ISLAMABAD, June 1: The National Assembly begins its first budget session on Monday under the shadows of economic and political crises.

While the coalition, which blames most of its woes on its predecessors, has promised to come up with a budget friendly to both the poor and the business, it has kept the nation in a tormenting suspense, at the cost of its credibility, about the most pressing political issues of the promised restoration of deposed judges and the future of a discredited presidency.

The government, led by Pakistan People’s Party (PPP), has five days left to act on its unfulfilled parliamentary pledges to restore the judges before the presentation of the budget for fiscal 2008-09 on June 7, will bar consideration of other matters or face lawyers and other activists from all over the country marching on Islamabad after June 10.
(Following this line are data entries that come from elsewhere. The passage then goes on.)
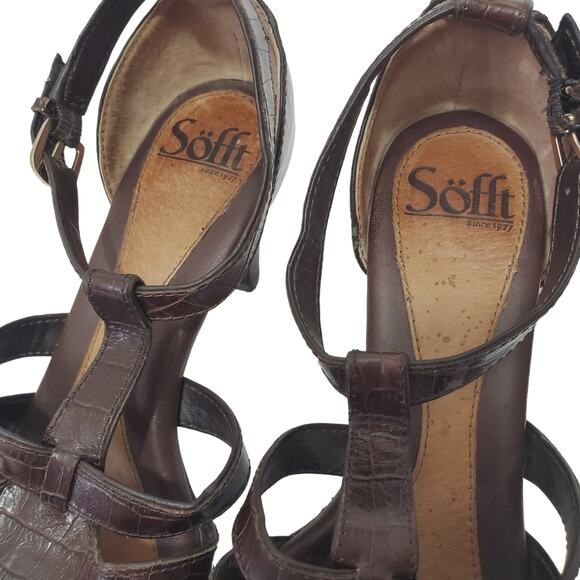 Sofft | Strappy Crocodile Texture Leather Ankle Strap Heels - Picture 6 of 11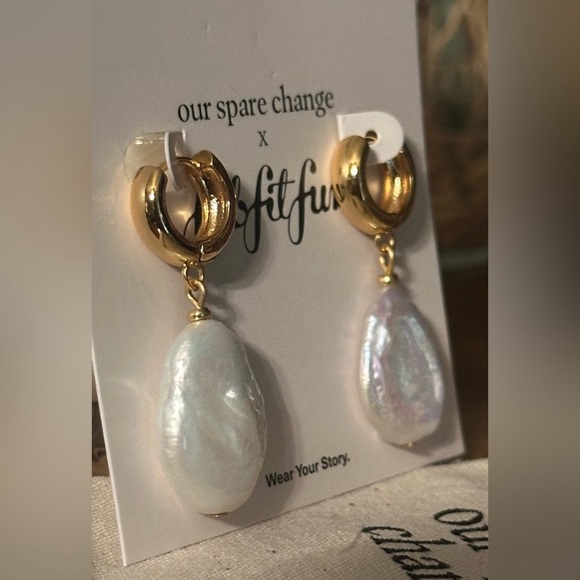 OUR SPARE CHANGE~FRESHWATER PEARL 18K GOLD HUGGIE EARRINGS~NEW WITH TAGS & BAG - Picture 14 of 16
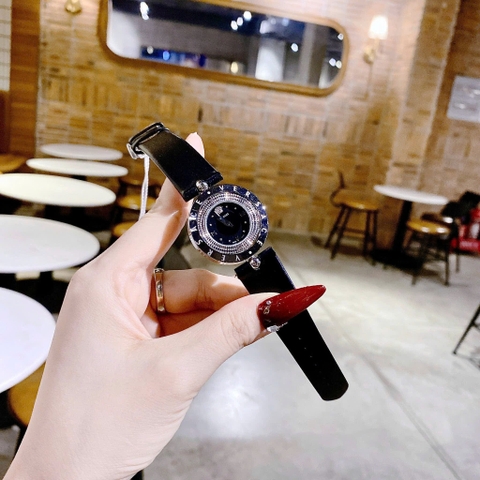 Versace Eon |Nữ Giới |Mặt Tròn Xoay |Silver |Dây Da Đen |Máy Pin (Quartz) |Size 33mm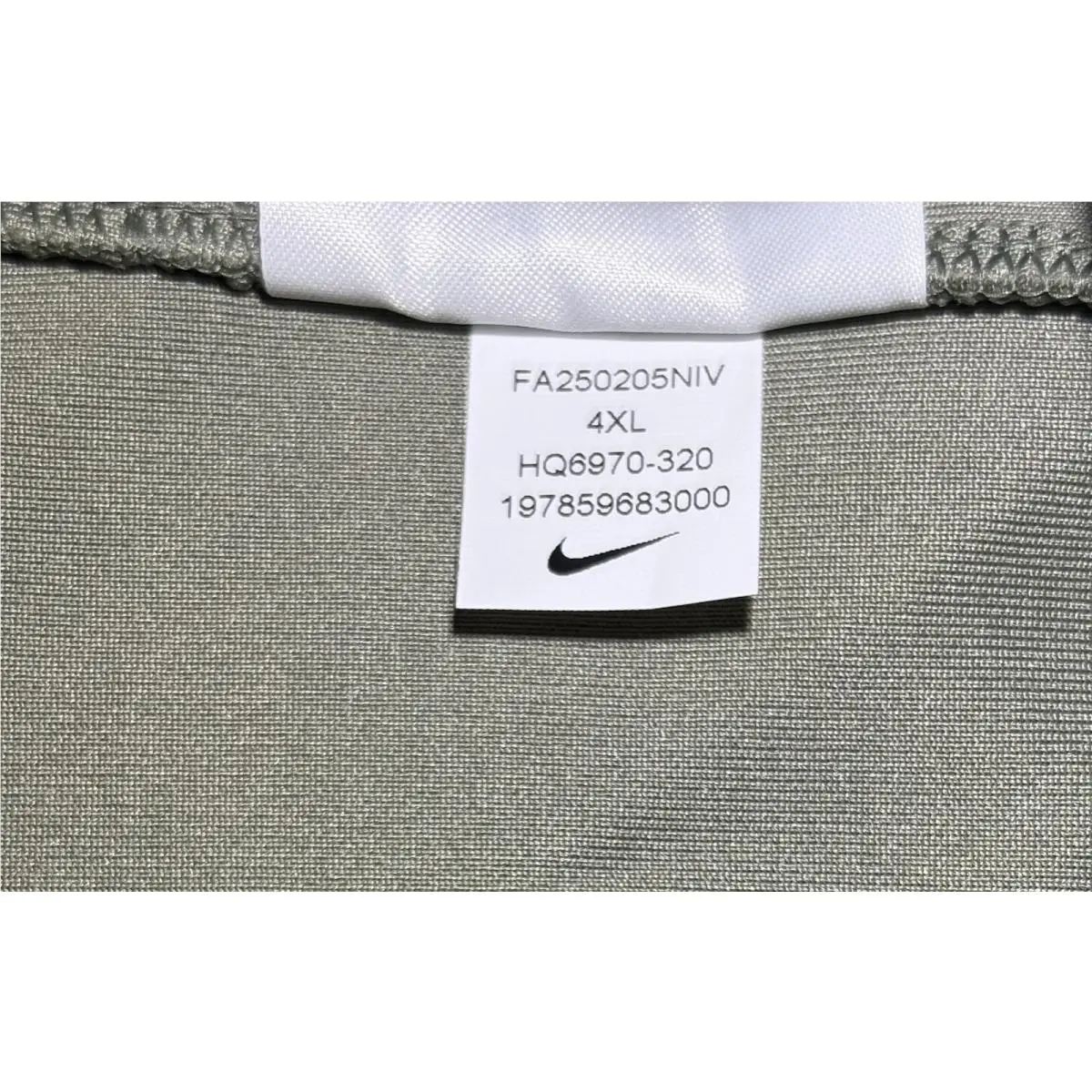 Nike clothing - Nike 24.7 - HQ6970-320 - Green 8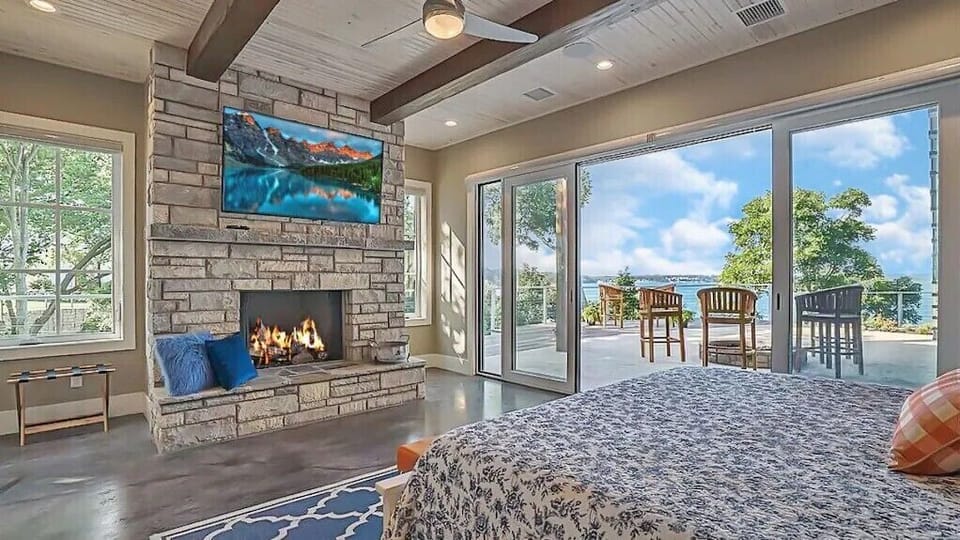 Master Bedroom with on-suite bath in Basement.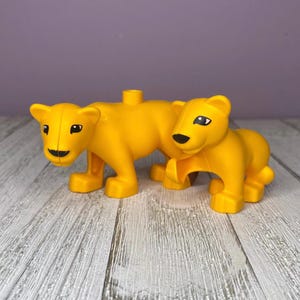 Lego Duplo Lioness and Baby Lion Cub Figures, Lego Duplo African Wild Animals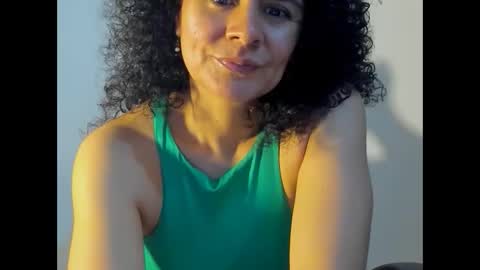 Snapshot of samm_hoti chatting on 03-01-25, 10:10 sam online show from 03-01-25, 10:10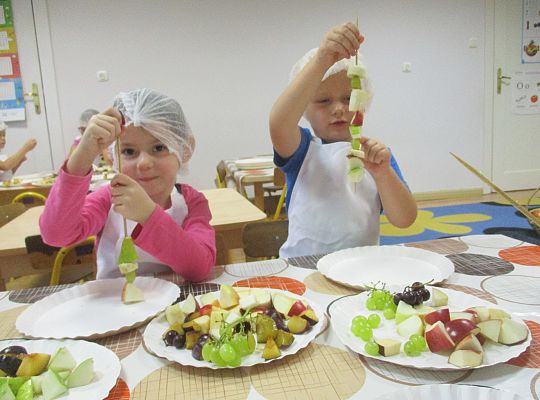 GR. III szaszłyki owocowe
It is a measure of the prevailing crisis that a stand-in finance minister, Naveed Qamar, will present the new government’s first budget at a critical time because Ishaq Dar, who held the portfolio in the cabinet formed on March 30, walked away with eight other ministers of his main coalition partner Pakistan Muslim League-N last month, after a deadline for reinstating the judges passed unmet.

The session, opening at 5pm, will be keenly watched for how the government will seek to balance its budget and tackle people’s hardships such as those emanating from rocketing food and fuel prices, food and power shortages – all of which are blamed on more than eight years of President Pervez Musharraf’s government.

But the budget debate will likely be overshadowed by political issues like the future of the president, the judicial crisis created by his controversial Nov 3, 2007, emergency proclamation and a PPP-proposed constitutional amendment package mainly seeking to restore the powers of parliament and the prime minister.

The Senate has also been called for its budget session from Wednesday and will be at hand if the government decides to convene a joint session of the two houses of parliament to pass a promised resolution for the reinstatement of the judges and thus avoid a standoff with the lawyers, or even to get the president out of the way by impeaching him for his alleged violations of the constitution such as his Oct 12, 1999 coup as army chief that toppled then prime minister Nawaz Sharif and the extra-constitutional Nov 3 emergency.

But, despite last week’s wave of rumours about the president, which were lapped up by an eager electronic media and caused huge losses on the stock market, there was no concrete sign yet of the coalition seeking an impeachment – for which it can muster the required two-thirds majority in a joint session of parliament – or even bringing a resolution on the judges.

The PPP leadership is instead touting a package, which seems good for a transition to a genuine parliamentary democracy but for which it does not have the required two-thirds majorities separately in both houses of parliament until President Musharraf is deserted by enough of his loyalists now forming a majority in the 100-seat Senate.

The PML-N continues to provide the crucial support to the PPP-led government in parliament even after withdrawing from the cabinet, but the budget session is likely to indicate how far the two main political parties can travel together without resolving their differences on ways to restore the judges.